# tire chains



## greenbean (Nov 22, 2005)

I have a Chevy 2WD dually dump and in the manual it says not to use tire chains on a dually. Is this Chevy covering themselves or is there something wrong w/ using chains on dual tires. Need some extra grip w/ the 2WD. Any help would be appreciated.


Green Bean


----------



## WINTER 3 (Aug 7, 2000)

I run chains on ford trucks w/ dual wheels. Never had a problem. I have 4 wheel drive. You should be fine. Make sure chain links on inside are secured. You don't want to hit the brake lines.


----------



## RWK in WI (Mar 29, 2003)

*RWK in WI*

I believe that on some 1 ton trucks with dual rears there is not enough clearance between the inside tire and the suspension for chains to clear. It may also rub on brake lines.
It may be possible to run single wheel chains on just the outer wheel. 
I hope this helps you.


----------



## Mdirrigation (Dec 12, 2003)

I would run chains on mine on the outside wheel only . If the chain comes off and tears up that extended fender it will rip it up real good, and they arent cheap. I found that agressive tires and weight in the back do the trick.


----------



## justme- (Dec 28, 2004)

greenbean said:


> I have a Chevy 2WD dually dump and in the manual it says not to use tire chains on a dually. Is this Chevy covering themselves or is there something wrong w/ using chains on dual tires. Need some extra grip w/ the 2WD. Any help would be appreciated.
> 
> Green Bean


Boy are you brave- you may be the only 2wd dually in the state!

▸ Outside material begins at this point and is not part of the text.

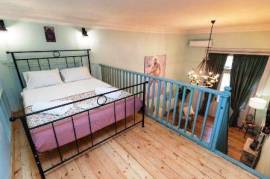 Аренда, 3 Kомнатная, Старое здание, Тбилиси, Мтацминда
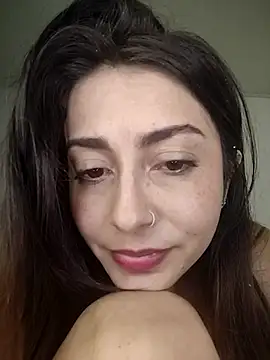 AmyLov342 Adlı Modelin Canlı XXX Sohbeti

LOTS of weight and good SNOW rated tires are your first priority- chains have to clear, as said. Just make sure they clear everything and make sure they stay tight on the wheel. you can run single wheel chains on the outer wheel (never, and I mean never waste your $$ or cable chains BTW). If you run dually chains you can get 2 different styles- long cross chains that run over both wheels or segmented which is essentially 2 chains sharing the center tension chain- I recomend these since breaking a cross chain will be far less damaging to your fenders with them being much shorter.

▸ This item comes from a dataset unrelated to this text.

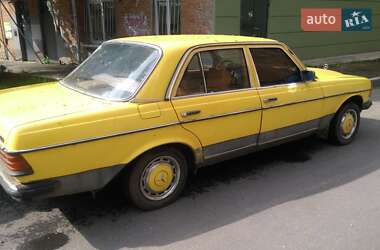 Седан Mercedes-Benz E-Class 1979 в 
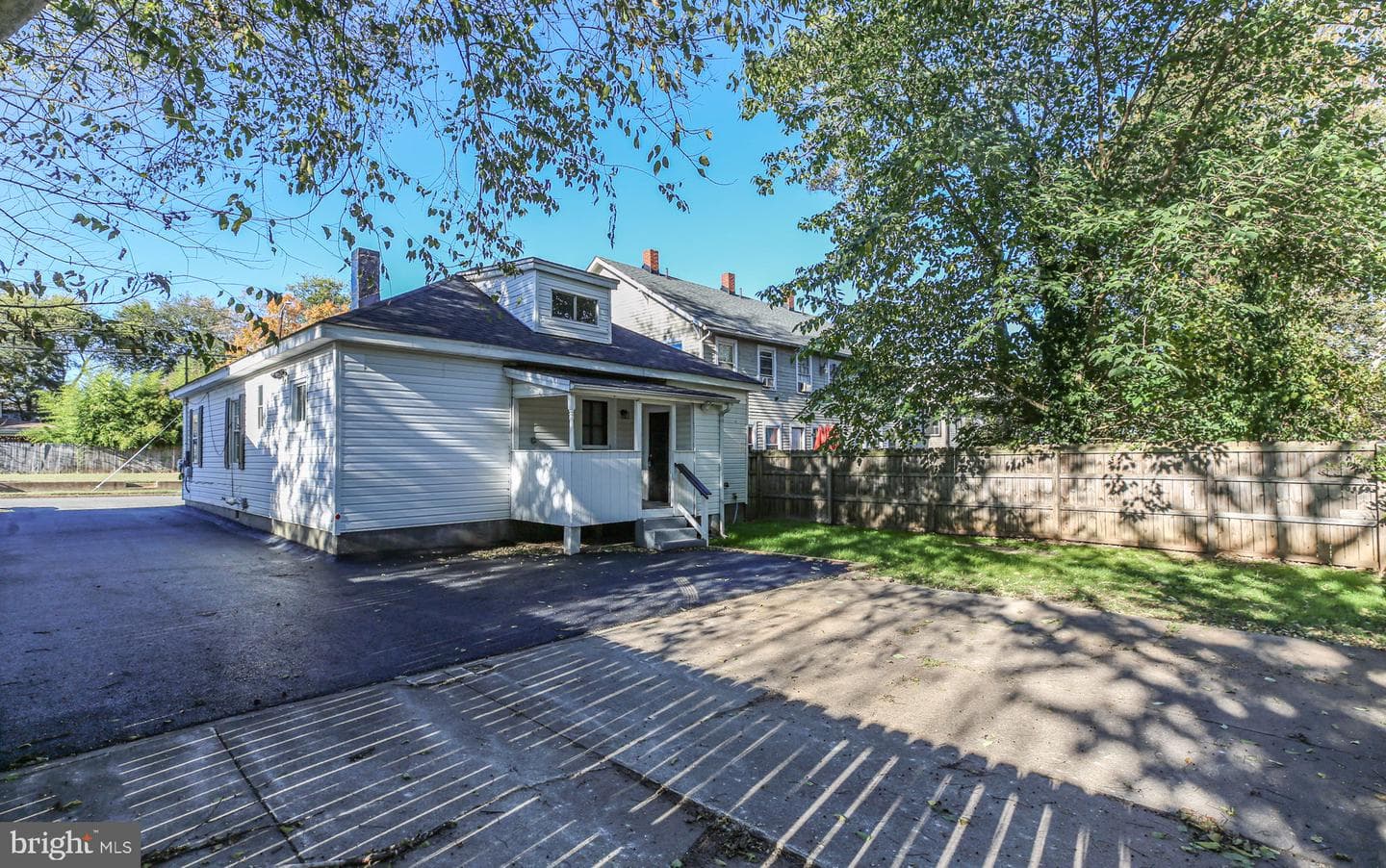 420 Dunmore Street photo 34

PersonallyIf you can;t get some weight in the back and good tires chains will help, but only marginally- some may argue that, but it's true. Lack of weight over the rear you will get more traction from the chains but you're still going to spin the wheels alot and wear those chains right out.

If you must drive that truck in the snow see what can be done about looseing one of the dualls- run it SRW with snows, weight and you may not need chains as such.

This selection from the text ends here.